## [Activity]
The entries that follow must be given again exactly, with no pictures kept.

## [Data extract]
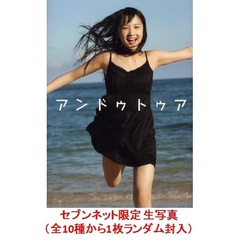 鞘師里保　写真集 鞘師里保写真集 - 通販｜セブンネットショッピング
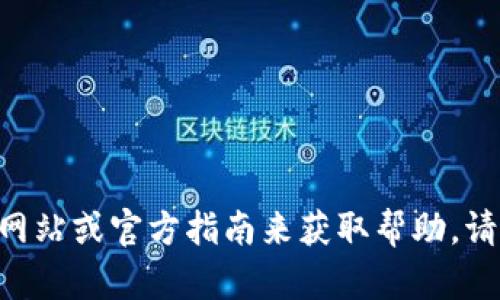 无法提供关于安装TP钱包的具体步骤，但您可以通过搜索相关教程网站或官方指南来获取帮助。请确保下载任何应用程序时都是来自官方渠道，以保障您的设备安全。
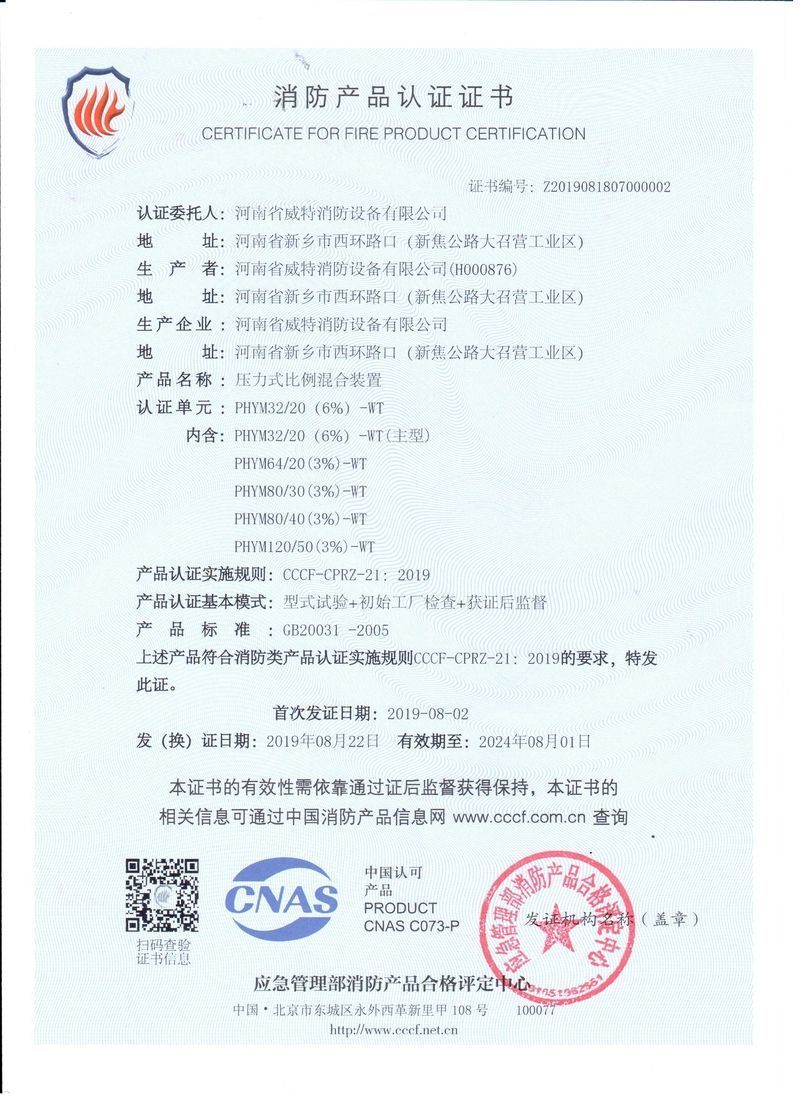 PHYM32  20壓力式比例混合裝置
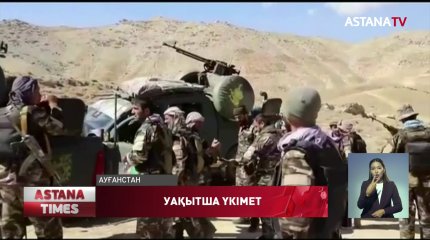 Тәліптер  үкіметтің жаңа құрамын жариялады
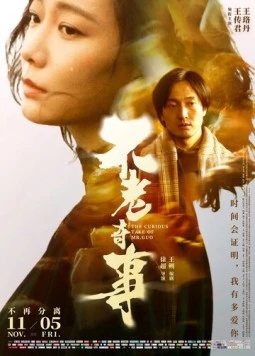 Вечно молодой / Bu lao qi shi (2021) фильм скачать через торрет бесплатно в хорошем качестве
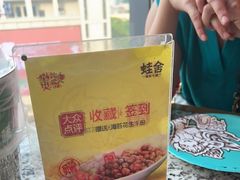 -蛙舍·炭烧牛蛙(东百中心店)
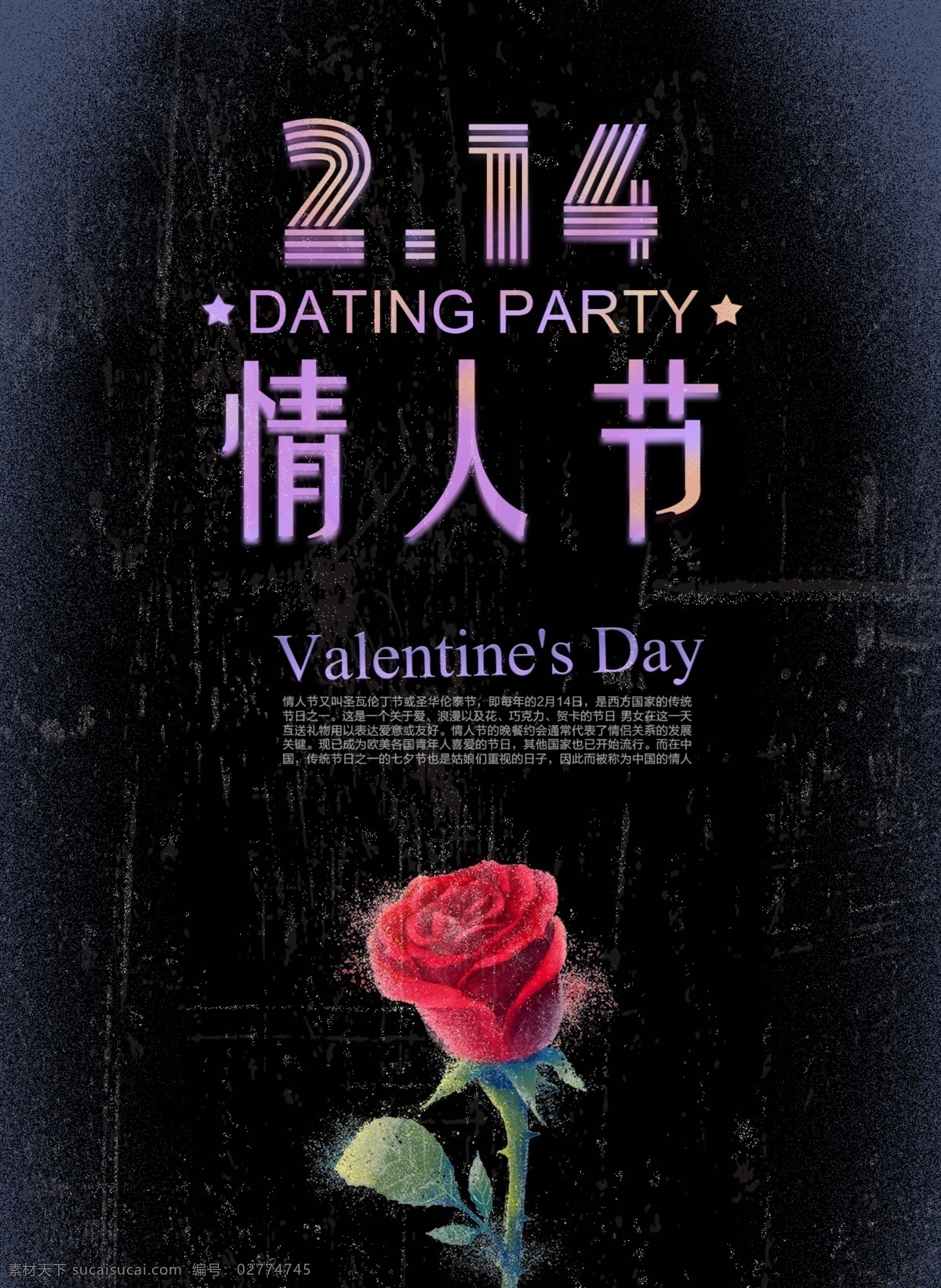 黑色 情人节 海报 玫瑰花 漂浮 手绘 紫色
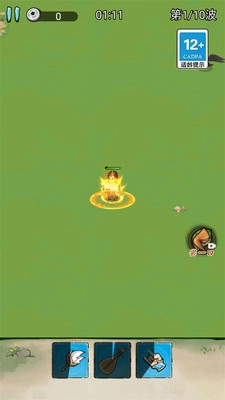 转刀大侠传安卓版图1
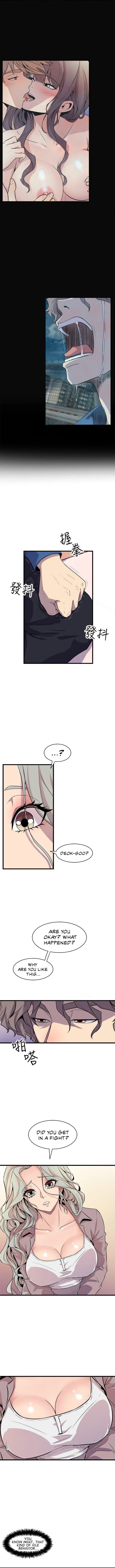 Chapter 24, page 10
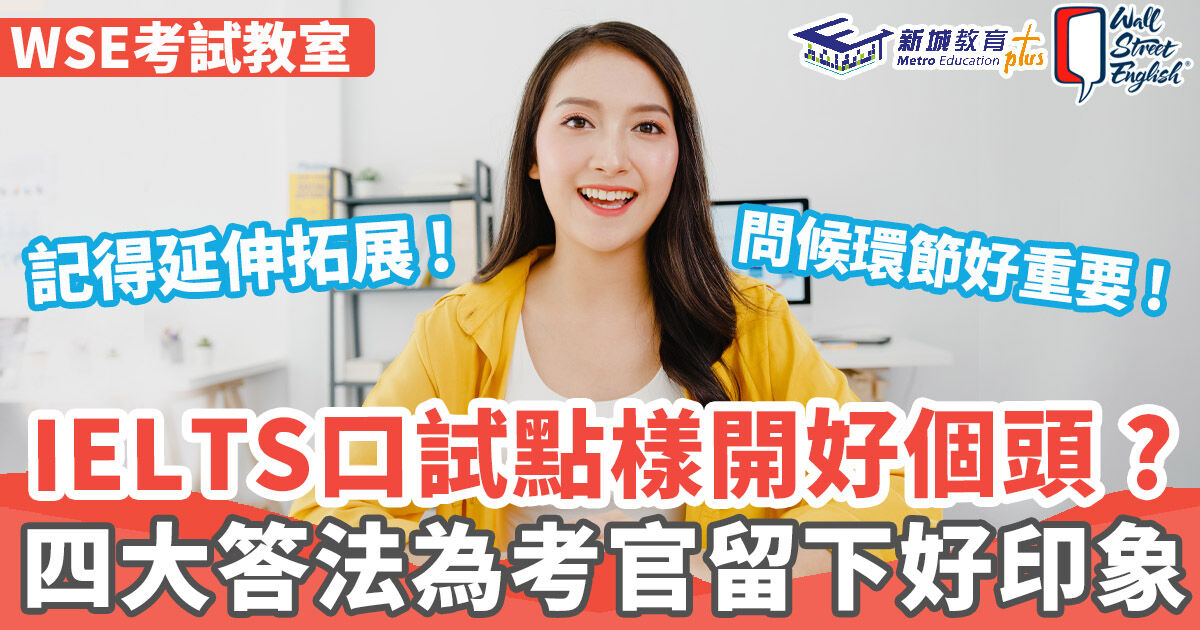 WSE考試教室 ｜IELTS口試四大答法讓面試官留下好印象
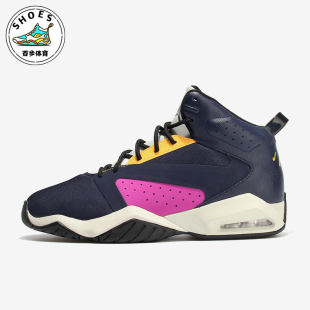 Lift Off男士 经典 Nike AR4430 JORDAN 减震耐磨篮球鞋 406 耐克正品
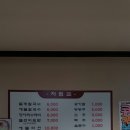 두울원 이미지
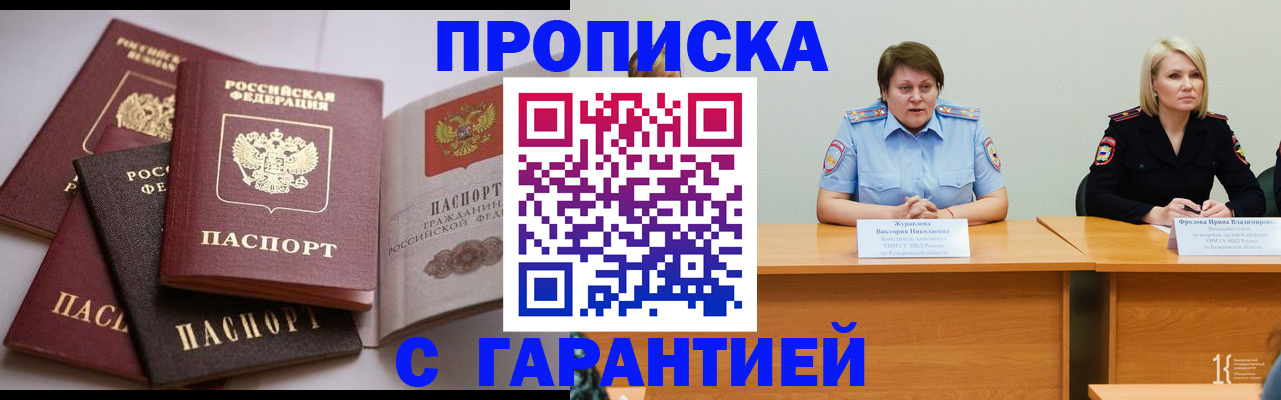 прописка регистрация в Кинешме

## [Solution to this exercise]
 鞘師里保　写真集 鞘師里保写真集 - 通販｜セブンネットショッピング
 无法提供关于安装TP钱包的具体步骤，但您可以通过搜索相关教程网站或官方指南来获取帮助。请确保下载任何应用程序时都是来自官方渠道，以保障您的设备安全。
 PHYM32  20壓力式比例混合裝置
 Тәліптер  үкіметтің жаңа құрамын жариялады
 Вечно молодой / Bu lao qi shi (2021) фильм скачать через торрет бесплатно в хорошем качестве
 -蛙舍·炭烧牛蛙(东百中心店)
 黑色 情人节 海报 玫瑰花 漂浮 手绘 紫色
 转刀大侠传安卓版图1
 Chapter 24, page 10
 WSE考試教室 ｜IELTS口試四大答法讓面試官留下好印象
 Lift Off男士 经典 Nike AR4430 JORDAN 减震耐磨篮球鞋 406 耐克正品
 두울원 이미지
 прописка регистрация в Кинешме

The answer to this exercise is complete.